The road around the lochs is mostly flat, so I made good progress, partly motivated by not wanting to stop due to clouds of midges. I passed through several small villages, and could see Fort William on the other side of Loch Linnhe.
Eventually I made it around to the A830, and powered by Haribos rode on to Fort William arriving at about 20.30, feeling pretty hungry. I made the mistake of taking a cycle path for the last bit, thinking that would be nice, however I had to manoeuvre through several swing gates, and over a railway crossing with yet more gates, which left me cursing somewhat. Tricky with a heavy bike, at the end of a long day, and probably took twice as long as the road route. Must remember just to stick to the road in future! I came out at Neptune’s staircase, a series of lochs up to the Caledonian canal which I thought I’d visit tomorrow.
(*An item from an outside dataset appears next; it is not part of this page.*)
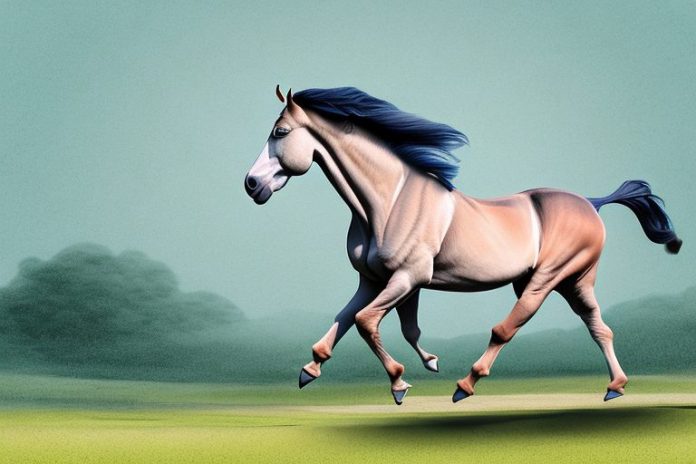 A marwari horse galloping through a rural landscape in tongaat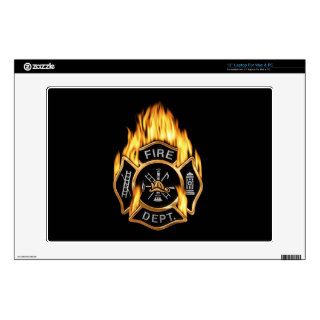 Fire Department Flaming Gold Badge Decal For Laptop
Before heading to the campsite I nipped into town and bought some fish and chips, which didn’t last long. It felt a bit odd being in a big town again, with lots of shops and ‘normal’ people about, including multitudes of tourists, locals out for a drink, and the odd big issue salesperson looking hopeful. I noticed a Cotswolds outlet which I’d visit tomorrow to see if I could get a replacement Power Monkey cable.
Post dinner I rode up to Glen Nevis, in the shadow of a cloud covered Ben Nevis, and pitched up at the campsite there. I met a friendly police dog and its handler on the way in, out for a stroll. The collie dog had a liking for bike tyres and stalked me for a bit before being called off. Reception was closed so it would be the ‘pay in the morning’ routine again. Good facilities at the campsite, but the midges had started to appear so after a wash I retreated pretty quickly to my tent. Damned things.
So despite a poor start, and it raining nearly all day, it had ended up being a great ride covering 111 miles, two of which had been on the ferry from Mull. It wasn’t far down to Oban where I planned to ride to the next day, post doing a few things around Fort William – bike shops, Cotswolds, Neptune’s Staircase. My back wheel was doing well but I was constantly having to tighten or adjust the spokes, and it was only a matter of time before it suffered a critical failure, so I needed to replace it…again.
After arranging damp kit to hopefully dry a bit, including a couple of bits in my warm sleeping bag, I fell asleep pretty swifty after a 13 hour day in the office.